There is currently significant uncertainty surrounding these inquiries. In fact, the California Supreme Court isn’t the first to punt on this issue—these questions first arose during two separate cases that were on appeal in the Ninth Circuit Court of Appeals in the federal court system. However, the Ninth Circuit was unable to provide answers and requested that the California Supreme Court provide its opinion. The California Supreme Court, in turn, formally requested that the California Labor Commissioner provide input on these issues. Therefore, the California Supreme Court’s ruling will be groundbreaking in regards to this requirement.
Takeaway for Employers
The questions currently before the Court pertain to Wage Orders 4 for Professional and Technical occupations, and 7 for Mercantile Industry occupations. However, the suitable seating requirement is present in one form or another in Wage Orders 1-16, excluding only Wage Order 17 for miscellaneous employees to which no industry has yet been assigned. The Court’s decision on the suitable seating requirement will likely be binding on employers operating under Wage Orders 1-16. Suitable seats must be provided in nearly all industries and professions. Many employers are not aware of this requirement, and such unawareness can be costly depending upon the decision ultimately issued by the California Supreme Court. Worse, many industries have traditionally required employees to stand when performing work duties and have given no meaningful consideration as to whether or not some form of seating can be safely provided. That is likely to change and prudent employers will stay ahead of the curve and immediately evaluate their options for seating in the workplace.
While the exact requirements for suitable seats are unknown, employers can limit potential liability by providing basic seating to employees who are involved in clerical-type work where employees are working from a desk or work that requires them to remain in a fixed location for a large portion of their work (i.e. work at a machine). The test is whether the nature of the work reasonably permits the use of a seat, so employers should assess the job requirements in determining whether the employee is entitled to suitable seating. Even where employers are not required to provide individual seats, under most wage orders, there is still a requirement to provide an adequate number of seats in a reasonable proximity to the work area. Employers should also review their policies to ensure that they comply with these seating requirements.
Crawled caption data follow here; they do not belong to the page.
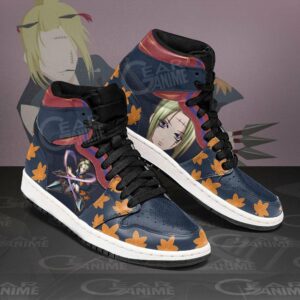 Tsukuyo Shoes Gintama Custom Anime Sneakers 5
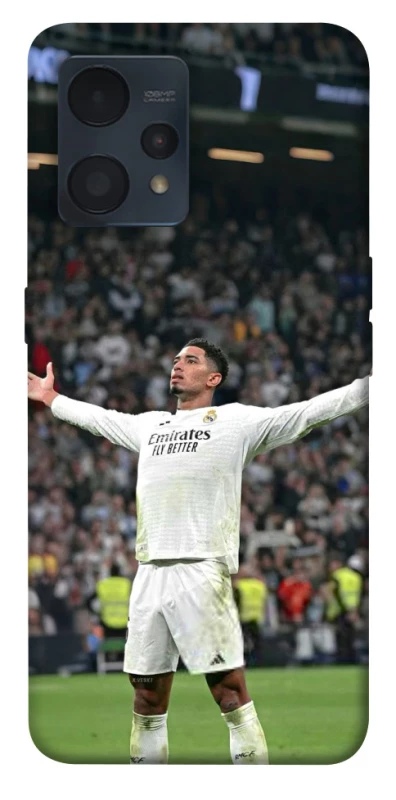 Чохол на Realme 9 4G / 9 Pro+ Jude Bellingham фото 1 з 1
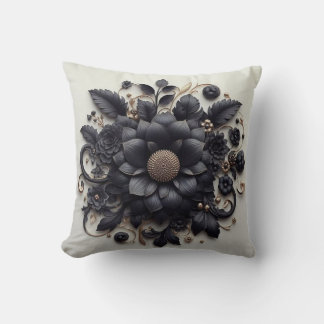 Throw pillow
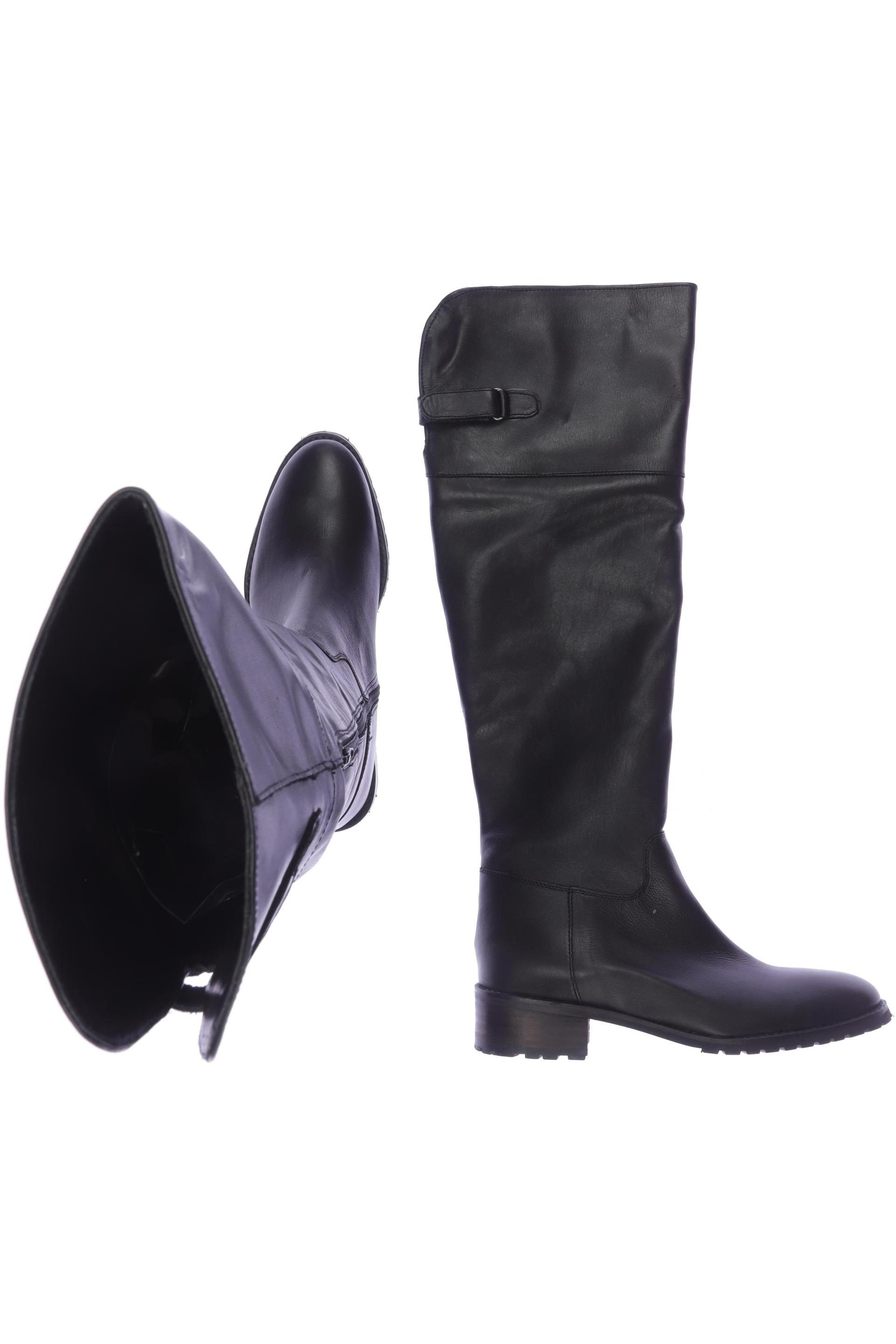 

Buffalo London Damen Stiefel, schwarz, Gr. 38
It is recommended that if the employer is concerned about safety should seating be provided at a particular work station (e.g., trip hazard), the employer should have the situation evaluated by a qualified safety consultant before dismissing the option of providing seating.
We will be following these questions before the California Supreme Court and will update our blog with any new developments. For more information on which Wage Order applies to your business, Click Here for a pamphlet from the California Department of Labor Standards Enforcement.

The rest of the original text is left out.